THE DATA:
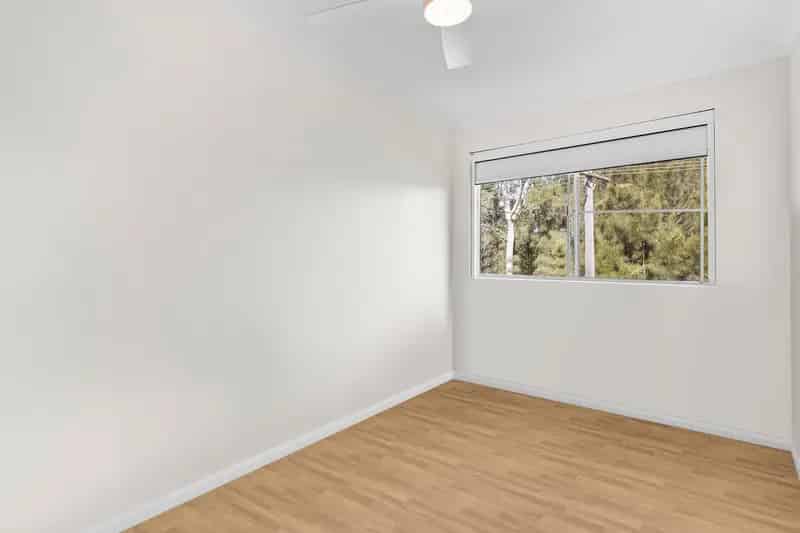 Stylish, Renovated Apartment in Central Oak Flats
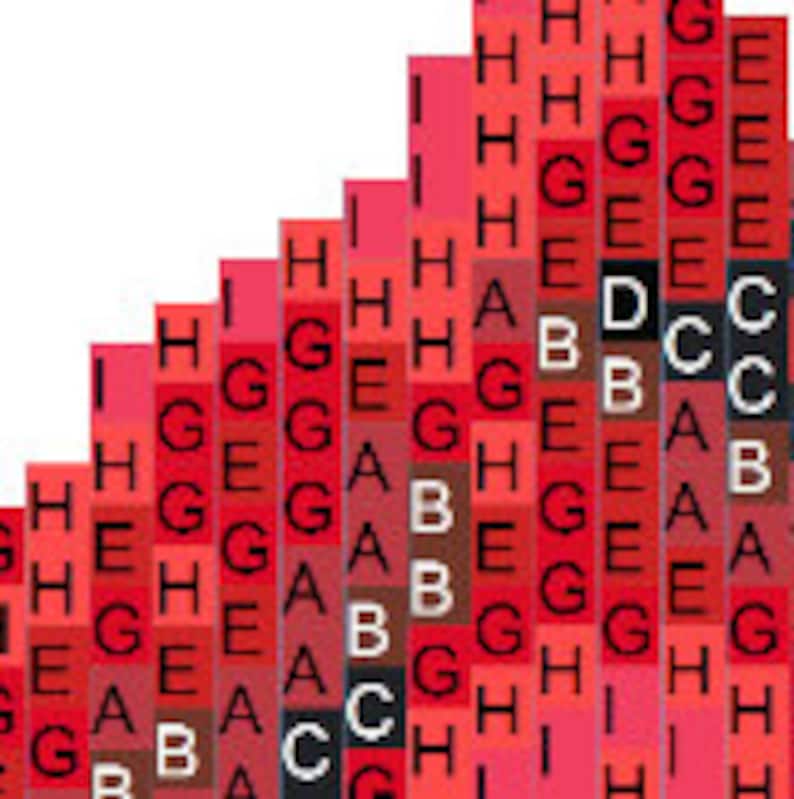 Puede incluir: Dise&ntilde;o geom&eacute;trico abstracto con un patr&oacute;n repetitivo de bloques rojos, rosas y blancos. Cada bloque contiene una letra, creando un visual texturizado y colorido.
--
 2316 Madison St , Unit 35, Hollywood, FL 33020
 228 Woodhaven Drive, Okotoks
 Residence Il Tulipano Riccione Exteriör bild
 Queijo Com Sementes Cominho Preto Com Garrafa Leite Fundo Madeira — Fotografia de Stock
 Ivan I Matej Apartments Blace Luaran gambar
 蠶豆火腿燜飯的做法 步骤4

WORK INSTRUCTIONS: Print the lines above from the one with "Ivan I Matej Apartments Blace Luaran gambar" through the one with "蠶豆火腿燜飯的做法 步骤4", both included, exactly as written and nothing more.

RESPONSE:
 Ivan I Matej Apartments Blace Luaran gambar
 蠶豆火腿燜飯的做法 步骤4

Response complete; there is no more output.